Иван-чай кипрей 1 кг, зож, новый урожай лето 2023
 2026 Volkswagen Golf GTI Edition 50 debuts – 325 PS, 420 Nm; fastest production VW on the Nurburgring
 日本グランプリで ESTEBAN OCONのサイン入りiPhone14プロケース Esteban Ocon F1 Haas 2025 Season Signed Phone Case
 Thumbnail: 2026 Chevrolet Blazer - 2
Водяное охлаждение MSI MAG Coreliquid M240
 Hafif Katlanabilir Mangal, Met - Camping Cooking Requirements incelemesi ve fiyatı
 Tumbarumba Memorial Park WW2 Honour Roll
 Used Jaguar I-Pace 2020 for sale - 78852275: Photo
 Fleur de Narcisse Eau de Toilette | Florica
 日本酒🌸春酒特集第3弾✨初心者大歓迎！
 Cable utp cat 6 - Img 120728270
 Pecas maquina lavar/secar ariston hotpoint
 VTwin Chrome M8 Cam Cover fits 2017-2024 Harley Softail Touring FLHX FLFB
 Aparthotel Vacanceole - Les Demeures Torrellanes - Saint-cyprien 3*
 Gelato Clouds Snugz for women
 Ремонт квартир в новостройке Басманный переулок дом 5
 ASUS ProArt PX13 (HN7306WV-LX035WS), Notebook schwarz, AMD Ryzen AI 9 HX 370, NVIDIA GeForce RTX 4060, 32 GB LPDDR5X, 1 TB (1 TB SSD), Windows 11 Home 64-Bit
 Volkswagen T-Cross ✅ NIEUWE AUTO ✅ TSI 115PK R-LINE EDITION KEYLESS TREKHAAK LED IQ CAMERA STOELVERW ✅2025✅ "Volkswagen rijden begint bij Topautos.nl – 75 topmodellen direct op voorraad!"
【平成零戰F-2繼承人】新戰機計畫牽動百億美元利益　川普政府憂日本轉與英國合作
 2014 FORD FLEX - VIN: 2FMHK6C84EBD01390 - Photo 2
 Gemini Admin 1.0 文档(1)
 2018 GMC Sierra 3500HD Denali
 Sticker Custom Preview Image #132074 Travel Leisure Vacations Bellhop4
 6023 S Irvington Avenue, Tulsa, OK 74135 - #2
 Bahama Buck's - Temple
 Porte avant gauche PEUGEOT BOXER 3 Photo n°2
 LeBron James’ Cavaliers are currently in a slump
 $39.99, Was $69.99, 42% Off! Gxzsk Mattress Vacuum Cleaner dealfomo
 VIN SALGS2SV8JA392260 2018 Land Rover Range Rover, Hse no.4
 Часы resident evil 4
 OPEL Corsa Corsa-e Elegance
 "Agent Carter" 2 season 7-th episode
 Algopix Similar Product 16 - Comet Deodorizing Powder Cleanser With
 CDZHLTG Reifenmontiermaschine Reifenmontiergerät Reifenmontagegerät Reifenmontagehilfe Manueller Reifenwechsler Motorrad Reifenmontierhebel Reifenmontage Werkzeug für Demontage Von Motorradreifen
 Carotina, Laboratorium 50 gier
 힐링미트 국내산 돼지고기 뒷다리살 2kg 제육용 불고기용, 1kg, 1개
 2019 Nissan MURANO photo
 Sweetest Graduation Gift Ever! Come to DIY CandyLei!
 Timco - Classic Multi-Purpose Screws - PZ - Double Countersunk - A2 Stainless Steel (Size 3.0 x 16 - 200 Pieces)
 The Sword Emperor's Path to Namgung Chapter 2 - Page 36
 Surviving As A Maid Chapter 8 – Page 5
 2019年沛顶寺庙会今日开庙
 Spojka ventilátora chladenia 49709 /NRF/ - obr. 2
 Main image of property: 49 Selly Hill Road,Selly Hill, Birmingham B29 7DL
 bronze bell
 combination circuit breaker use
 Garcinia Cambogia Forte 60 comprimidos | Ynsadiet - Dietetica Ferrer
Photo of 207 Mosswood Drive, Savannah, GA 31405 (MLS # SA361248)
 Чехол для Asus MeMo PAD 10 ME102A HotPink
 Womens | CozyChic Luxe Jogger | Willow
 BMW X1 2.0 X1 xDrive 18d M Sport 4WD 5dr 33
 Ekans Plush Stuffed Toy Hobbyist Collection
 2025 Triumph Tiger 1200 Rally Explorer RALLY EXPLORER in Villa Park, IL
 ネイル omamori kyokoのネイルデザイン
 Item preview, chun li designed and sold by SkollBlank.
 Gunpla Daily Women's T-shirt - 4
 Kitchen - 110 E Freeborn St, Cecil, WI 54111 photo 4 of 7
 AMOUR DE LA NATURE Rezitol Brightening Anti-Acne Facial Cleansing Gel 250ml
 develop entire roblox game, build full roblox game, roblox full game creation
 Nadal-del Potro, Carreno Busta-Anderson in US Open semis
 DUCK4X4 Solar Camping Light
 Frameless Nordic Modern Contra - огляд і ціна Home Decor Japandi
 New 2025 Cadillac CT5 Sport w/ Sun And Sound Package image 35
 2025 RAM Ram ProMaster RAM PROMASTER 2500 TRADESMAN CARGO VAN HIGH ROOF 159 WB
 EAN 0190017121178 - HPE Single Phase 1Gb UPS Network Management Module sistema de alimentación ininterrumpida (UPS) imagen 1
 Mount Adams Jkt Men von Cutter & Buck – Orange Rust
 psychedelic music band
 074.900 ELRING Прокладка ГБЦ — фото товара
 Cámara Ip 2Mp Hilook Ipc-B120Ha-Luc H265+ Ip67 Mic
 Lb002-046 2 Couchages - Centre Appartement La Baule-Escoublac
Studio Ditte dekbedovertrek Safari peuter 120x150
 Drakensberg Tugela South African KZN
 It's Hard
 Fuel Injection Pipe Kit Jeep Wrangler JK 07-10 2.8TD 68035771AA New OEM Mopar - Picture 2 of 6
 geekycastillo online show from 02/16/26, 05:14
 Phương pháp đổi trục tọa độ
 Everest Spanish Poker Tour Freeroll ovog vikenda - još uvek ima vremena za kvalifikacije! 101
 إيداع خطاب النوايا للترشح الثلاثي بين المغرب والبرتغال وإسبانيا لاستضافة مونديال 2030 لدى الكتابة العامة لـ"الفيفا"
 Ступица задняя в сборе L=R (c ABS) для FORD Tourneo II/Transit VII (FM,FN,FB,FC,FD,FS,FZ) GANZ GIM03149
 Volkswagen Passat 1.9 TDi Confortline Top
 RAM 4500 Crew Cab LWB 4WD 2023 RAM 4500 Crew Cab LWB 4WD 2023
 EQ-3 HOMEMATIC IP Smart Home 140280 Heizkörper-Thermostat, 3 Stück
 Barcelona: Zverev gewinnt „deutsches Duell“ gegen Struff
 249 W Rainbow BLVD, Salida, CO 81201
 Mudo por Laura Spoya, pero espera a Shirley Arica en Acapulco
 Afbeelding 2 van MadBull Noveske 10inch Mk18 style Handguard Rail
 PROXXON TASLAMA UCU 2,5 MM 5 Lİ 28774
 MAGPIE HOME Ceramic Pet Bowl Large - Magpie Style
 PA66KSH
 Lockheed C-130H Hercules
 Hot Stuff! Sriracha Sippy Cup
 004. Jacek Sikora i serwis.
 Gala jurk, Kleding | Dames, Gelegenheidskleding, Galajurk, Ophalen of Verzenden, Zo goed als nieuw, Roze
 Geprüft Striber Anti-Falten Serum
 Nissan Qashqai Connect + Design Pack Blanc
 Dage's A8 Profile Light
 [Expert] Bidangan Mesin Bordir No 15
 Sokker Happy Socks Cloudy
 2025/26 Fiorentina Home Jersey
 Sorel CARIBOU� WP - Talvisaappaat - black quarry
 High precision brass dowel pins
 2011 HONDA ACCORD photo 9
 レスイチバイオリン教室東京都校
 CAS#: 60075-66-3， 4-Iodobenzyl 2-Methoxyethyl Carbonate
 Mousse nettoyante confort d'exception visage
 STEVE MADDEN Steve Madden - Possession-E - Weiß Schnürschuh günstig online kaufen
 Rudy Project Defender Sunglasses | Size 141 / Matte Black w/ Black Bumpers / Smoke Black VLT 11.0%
####################
● Instructions to follow: Take the records above and return, word for word, only the lines that fall from the line with "Spojka ventilátora chladenia" to the line with "Garcinia Cambogia Forte", both of them included.

● Result of the exercise:
 Spojka ventilátora chladenia 49709 /NRF/ - obr. 2
 Main image of property: 49 Selly Hill Road,Selly Hill, Birmingham B29 7DL
 bronze bell
 combination circuit breaker use
 Garcinia Cambogia Forte 60 comprimidos | Ynsadiet - Dietetica Ferrer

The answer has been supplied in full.